(Short text fragments from websites)
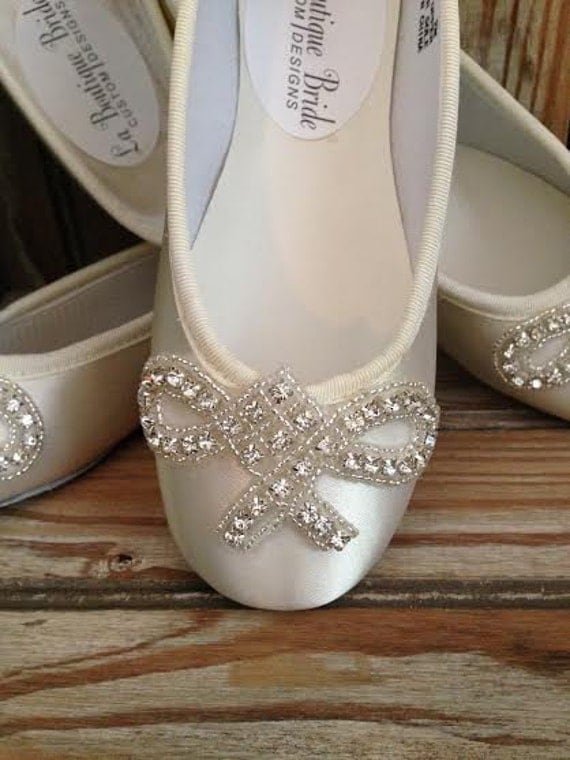 Custom Ballet Style Flower Girl Shoes Satin Beaded Rhinestones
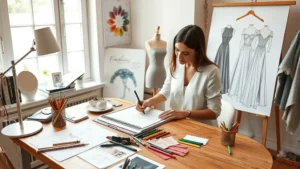 Fashion designer sketching elegant dress designs at wooden studio desk with fabric swatches, colored pencils, and mood board inspiration scattered around, natural window lighting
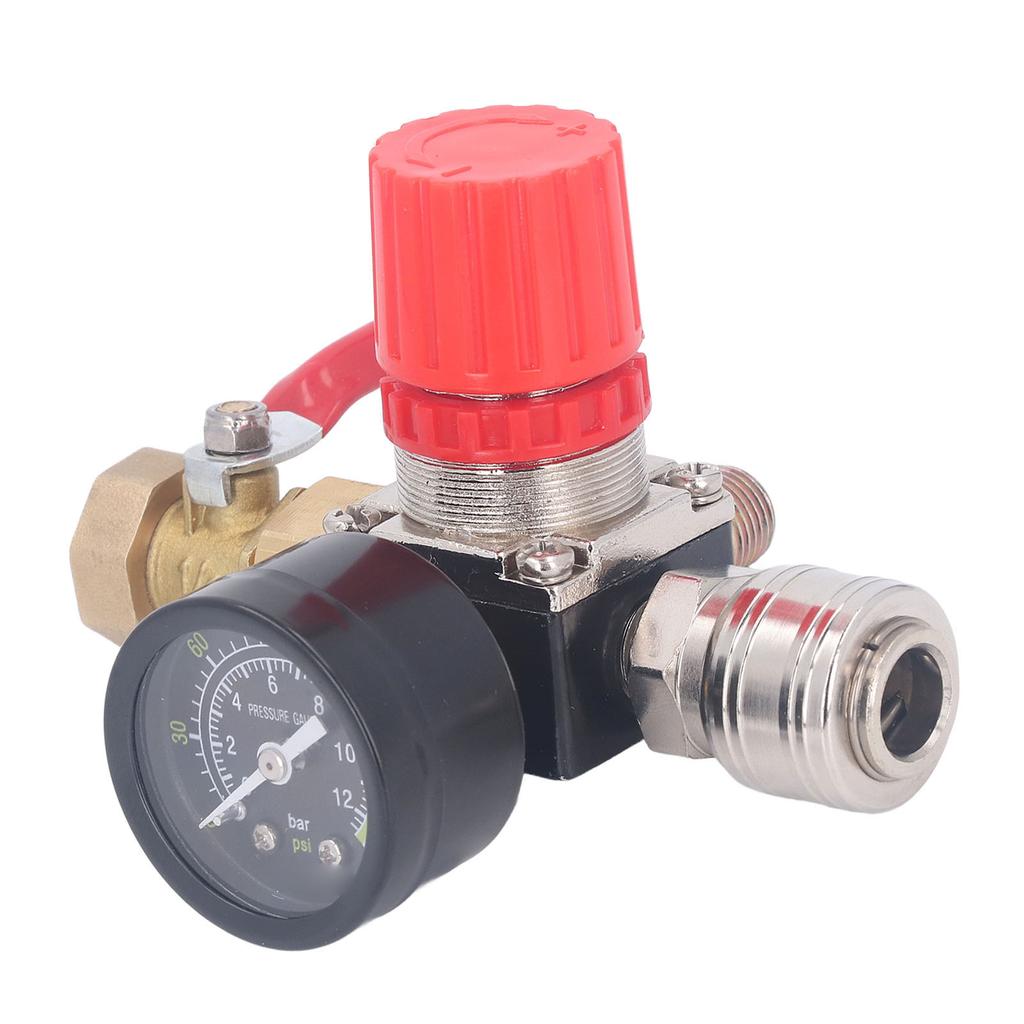 Regulator Kit with Gauge 4 Way Valve 0‑180 PSI European for Pneumatic Tools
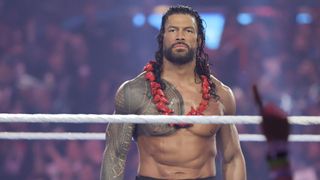 Roman Reigns looks on before his Triple Threat match against CM Punk and Seth Rollins during WrestleMania 41 at Allegiant Stadium on April 19, 2025 in Las Vegas, Nevada.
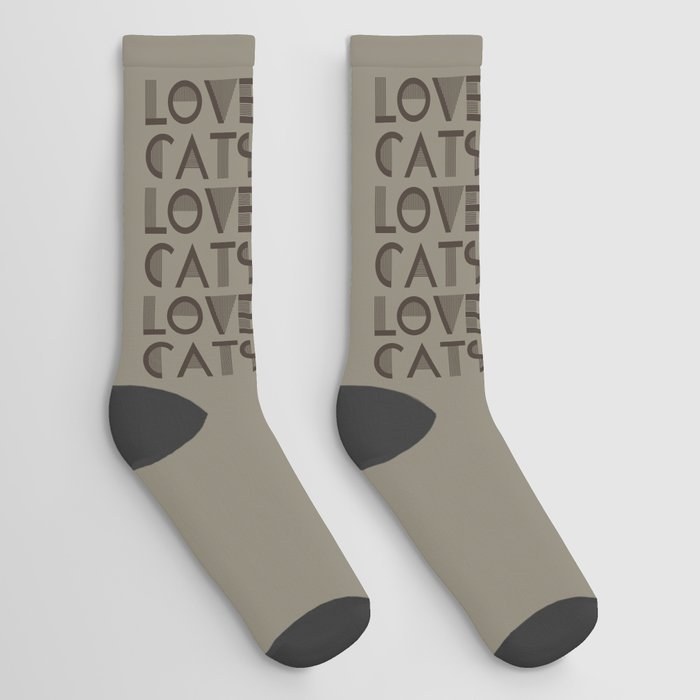 Love Cats - Gray colors modern abstract illustration  Socks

> **YOUR OBJECTIVE**
Above are the records; copy exactly the lines from the one with "Regulator Kit with" through the one with "Roman Reigns looks", including both, and nothing more. Leave out pictures.

> **TASK OUTPUT**
 Regulator Kit with Gauge 4 Way Valve 0‑180 PSI European for Pneumatic Tools
 Roman Reigns looks on before his Triple Threat match against CM Punk and Seth Rollins during WrestleMania 41 at Allegiant Stadium on April 19, 2025 in Las Vegas, Nevada.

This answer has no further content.